Absatzmarkt unter Druck Gerade bei den Arbeitskosten wird der Druck auf die Betriebe nicht nachlassen – das zeigt sich schon an den jüngsten Tarifabschlüssen. Düster sieht es bei der Nachfrage aus: Über alle Branchen hinweg ist bei annähernd einem Drittel der Unternehmen die Nachfrage gesunken. In der für den Landkreis besonders bedeutsamen Industrie klagen fast 40 Prozent über einen Einbruch der des Absatzes. Insbesondere die Exportnachfrage hat hier seit dem Jahreswechsel deutlich nachgegeben. Nur etwas mehr als fünf Prozent können sich über eine Zunahme des Auslandsabsatzes freuen, bei 43 Prozent der Unternehmen des industriellen Sektors liegen die Verkaufszahlen im Abwärtstrend. So blicken rund 25 Prozent dieser Unternehmen sorgenvoll in die Zukunft. Der IHK-Indikator zur Geschäftserwartung liegt hier mit minus acht Zählern etwas unter dem der Gesamtwirtschaft. Ein ähnliches Bild ergibt sich auch im Handel. Der Einzelhandel startet ebenfalls schwächer in den Frühsommer und meldet eine verschlechterte Situation und einen schrumpfenden Umsatz.

Baubranche im Abwärtstrend Das Zinsniveau, die Kostensituation und ein damit einhergehender Nachfragerückgang führen zu einem regelrechten Einbruch in der Bauwirtschaft.
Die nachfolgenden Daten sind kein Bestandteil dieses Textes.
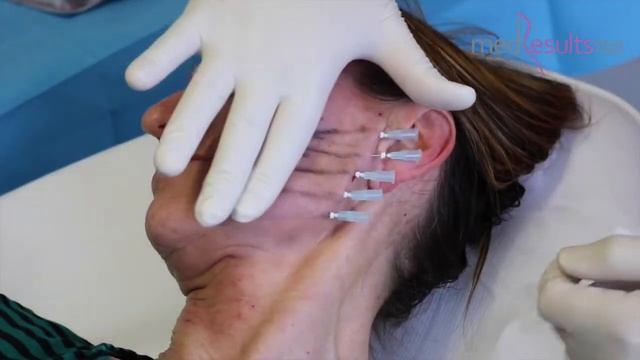 Med Results - ASsufil HD PDO Threads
Insbesondere im Eigenheimbau verschlechterte sich mit dem inflationsbedingten Zinsanstieg die Lage massiv. Für viele Käufer ist der Traum von den eigenen vier Wänden zunächst einmal geplatzt oder zumindest verschoben. Eingeschränkt freuen können sich über diese Entwicklung nur die aktuellen Bauherren, die einerseits noch von günstigeren Konditionen profitieren und davon, dass die Preise für Bauleistungen wohl schon unter Druck zu geraten.

Dienstleister im Aufwind Eine erfreuliche Ausnahme in diesem schwachen Ausblick über alle Branchen hinweg bilden derzeit nur die Dienstleister. Hier hat sich die Lage seit dem Jahreswechsel deutlich verbessert. Annähernd 40 Prozent können im IHK-Konjunkturbericht eine gute Geschäftslage melden. Nur knapp acht Prozent sind zurzeit nicht zufrieden. Der IHK-Lageindikator liegt bei 32 Punkten und hat sich seit der letzten Umfrage der IHK-Bezirkskammer Böblingen fast verdoppelt. Auf der Nachfrageseite können rund 20 Prozent der Dienstleister einen Anstieg melden. Dieser Wert ist deutlich höher als im Schnitt aller anderen Branchen. Kein Wunder, dass im Dienstleistungssektor der Blick in die Zukunft auch im Landkreis weitaus optimistischer als in den übrigen Branchen ausfällt. Ob der Sektor seiner bisherigen Funktion als Frühindikator für die allgemeine wirtschaftliche Entwicklung auch diesmal gerecht werden kann?